"Карусель памяти" - читать интересную книгу автора (Чемберлен Диана)

28

Вена


– Итак, вы привыкли расставлять все по полочкам, – говорила Дебора Парлоу, – а эта женщина на мосту оказалась чем-то не вписывающимся в общий порядок вещей.

Клэр кивнула со своего места на краю дивана в кабинете Деборы. Она разговаривала с психоаналитиком вот уже десять минут, и ее нетерпение скорее росло, чем ослабевало. Она одним глазом наблюдала за дверью кабинета. Она спросила у Пэт Виковски фамилию психоаналитика, не сказав, для кого она старается, и Пэт горячо порекомендовала Дебору.

– Очень квалифицированная и мягкая в обращении, – сказала она. Клэр не сомневалась в правильности оценки Пэт, но дело было не в этом. Она просто не могла ни с кем говорить на эту тему. За одним исключением.

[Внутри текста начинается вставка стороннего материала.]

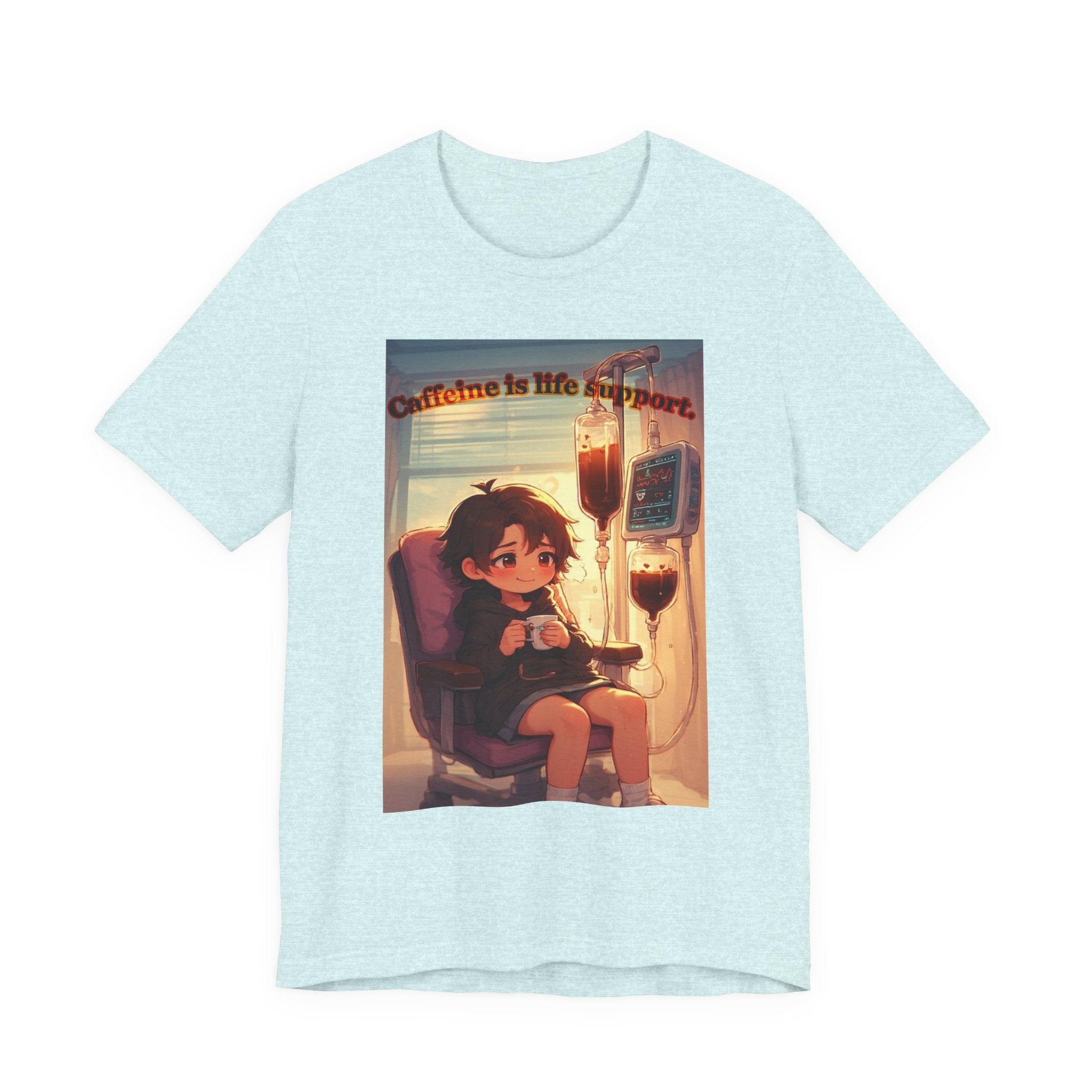 “ caffeine inside support.” Female themed t-shirt.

– И с той ночи вы не можете сосредоточиться на своей работе?

– Верно, – подтвердила Клэр. Если бы она не была половиной команды Харти-Матиас, ее бы давно уволили. И дома от нее не было никакого толку. Накопились горы стирки, и она не могла вспомнить, когда в последний раз готовила обед или просто что-нибудь, кроме тех готовых продуктов, которые закупала в бакалейном магазине.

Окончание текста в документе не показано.